═════ INPUT DATA
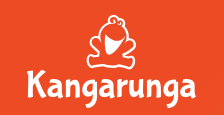 kangarunga-logo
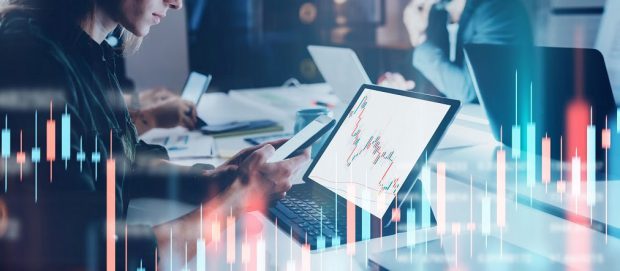 (Publicitate) Depășiți-vă competitorii cu ajutorul soluțiilor de monitorizare a prețurilor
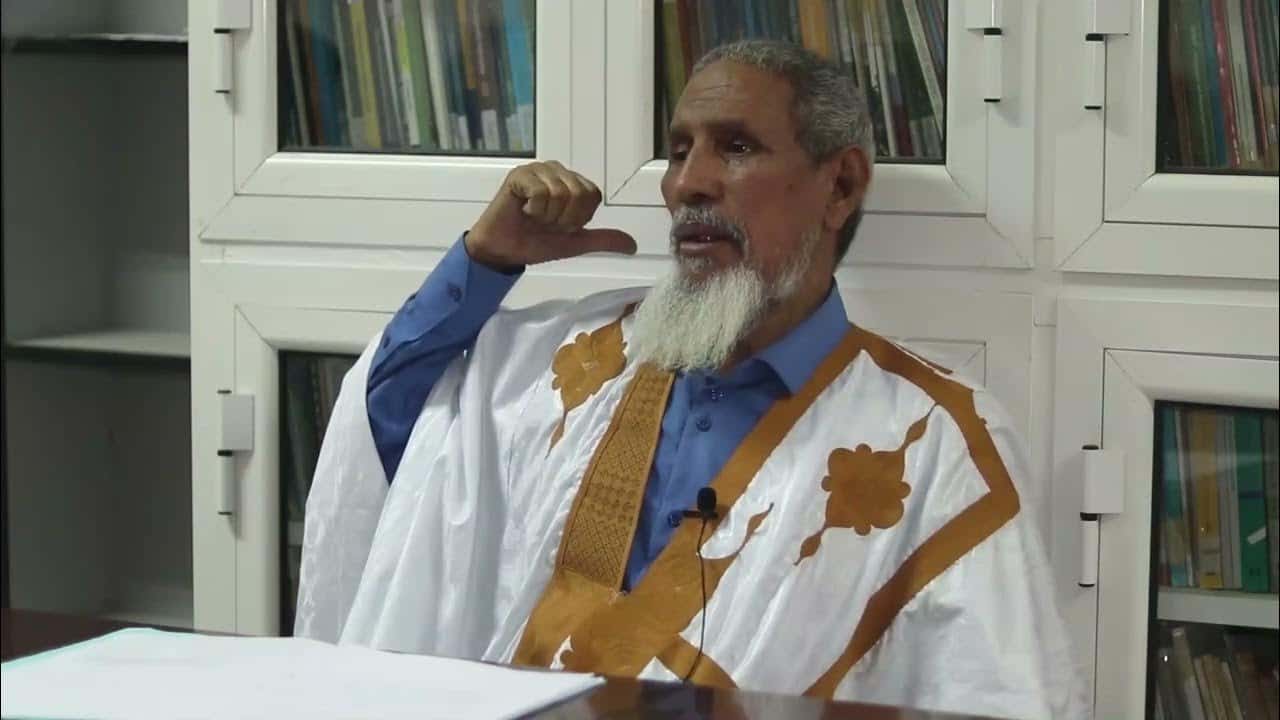 صورة المقال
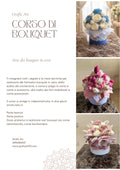 Corso bouquet
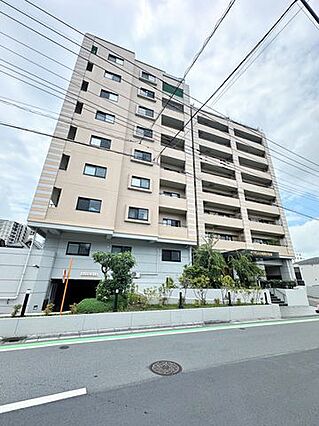 床暖房付き3L...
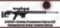 Ruger Precision Rifle 6.5 Creedmoor Bolt Action Rifle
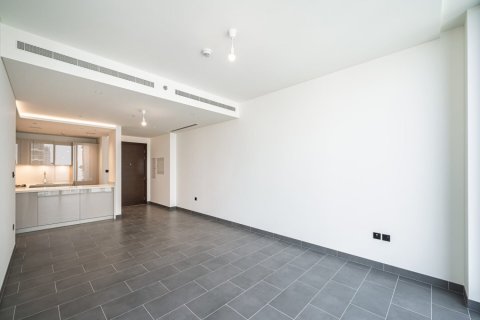 Appartement de 2 chambres à Sobha Hartland, UAE No. 163036 28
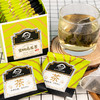 天生好果 每日花果茶礼盒 110g 商品缩略图1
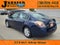 2010 Nissan Altima 2.5 S
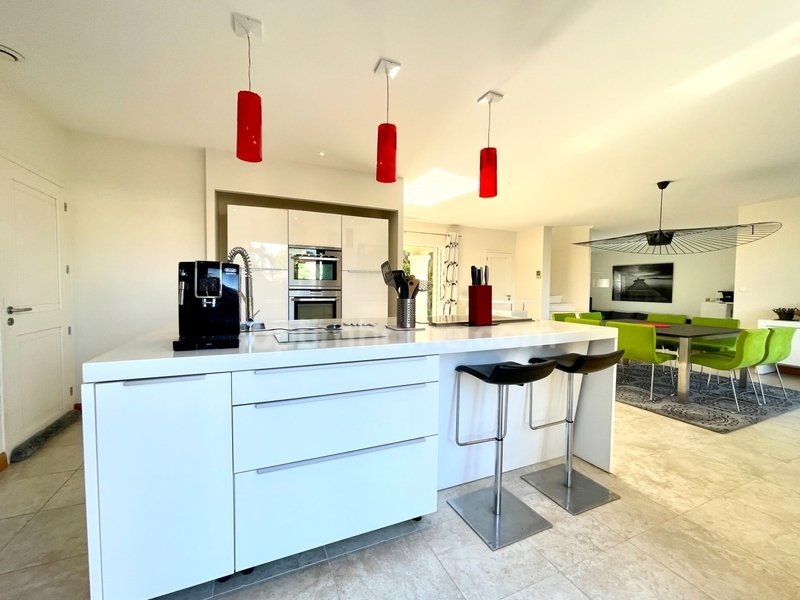 House in Centre Ville, Aigues-Mortes, France 4 - 16656156
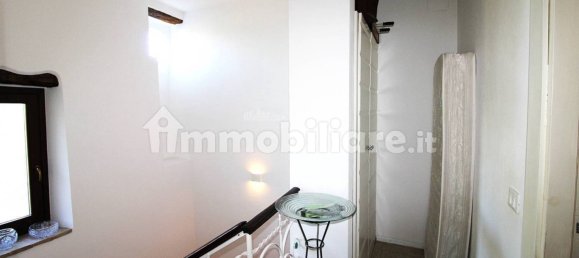 Casa T2 em Campofilone, Italy N.º 152539 23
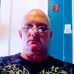 Clinton Warner - Facebook
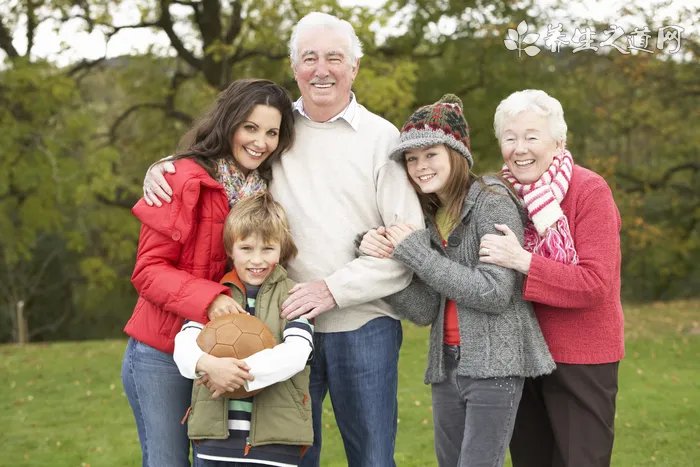 产后保养方法有哪些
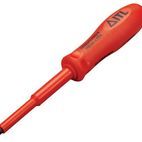 ITL Insulated Insulated Screwdrivers Phillips additional 1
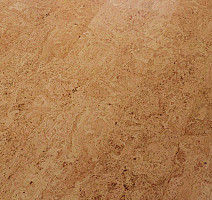 Cork Essence O830003   Originals Symphony фото 2 | FLOORDEALER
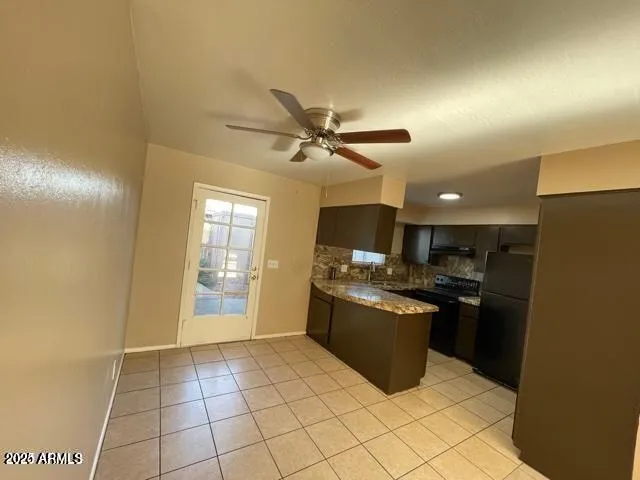 $1,375 | 4567 North 26th Drive, Phoenix, AZ 85017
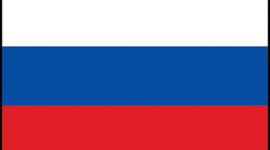 Timeline: Revolución Rusa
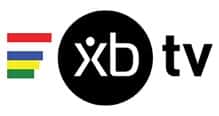 XBTV logo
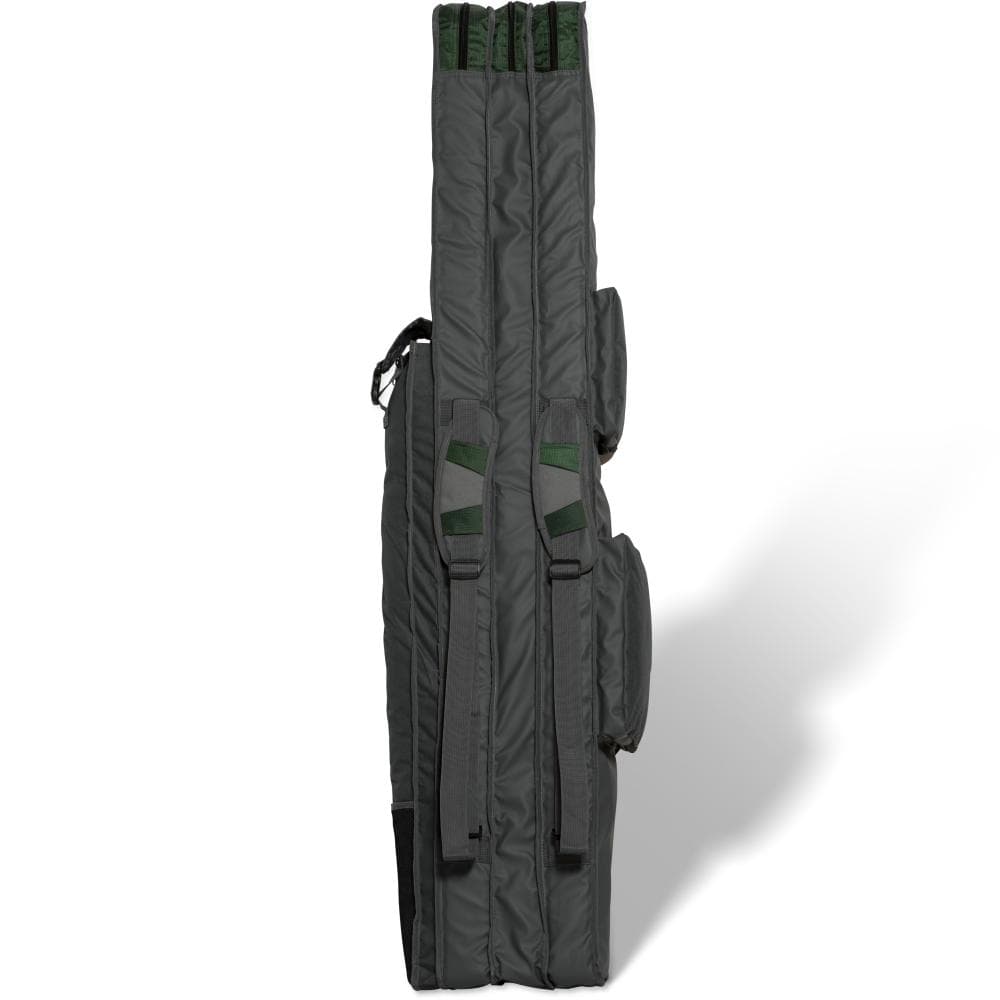 Zebco Universal Holdall 140cm 3-Rod - foto 3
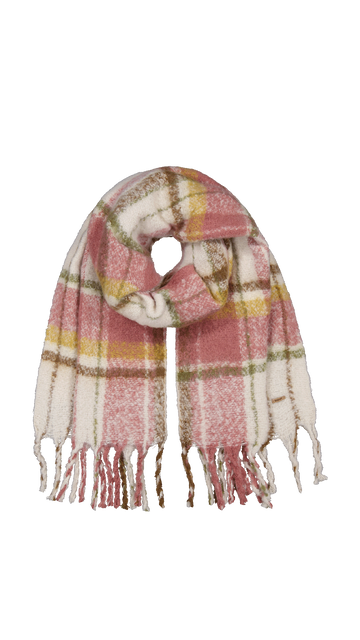 BARTS Loriant Scarf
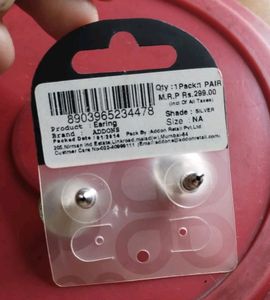 ADDONS WOMEN EARRING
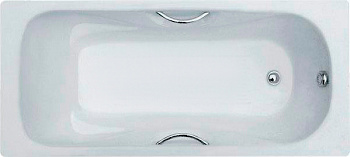 �������� ����� Goldman Donni 150x75 ��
══════════
DESCRIPTION OF THE TASK: Every line from the one containing "(Publicitate) Depășiți-vă competitorii" through the end of the entries above is to be copied exactly; pictures are to be left out.

SOLUTION TO THIS PROBLEM:
 (Publicitate) Depășiți-vă competitorii cu ajutorul soluțiilor de monitorizare a prețurilor
 صورة المقال
 Corso bouquet
 床暖房付き3L...
 Ruger Precision Rifle 6.5 Creedmoor Bolt Action Rifle
 Appartement de 2 chambres à Sobha Hartland, UAE No. 163036 28
 天生好果 每日花果茶礼盒 110g 商品缩略图1
 2010 Nissan Altima 2.5 S
 House in Centre Ville, Aigues-Mortes, France 4 - 16656156
 Casa T2 em Campofilone, Italy N.º 152539 23
 Clinton Warner - Facebook
 产后保养方法有哪些
 ITL Insulated Insulated Screwdrivers Phillips additional 1
 Cork Essence O830003   Originals Symphony фото 2 | FLOORDEALER
 $1,375 | 4567 North 26th Drive, Phoenix, AZ 85017
 Timeline: Revolución Rusa
 XBTV logo
 Zebco Universal Holdall 140cm 3-Rod - foto 3
 BARTS Loriant Scarf
 ADDONS WOMEN EARRING
 �������� ����� Goldman Donni 150x75 ��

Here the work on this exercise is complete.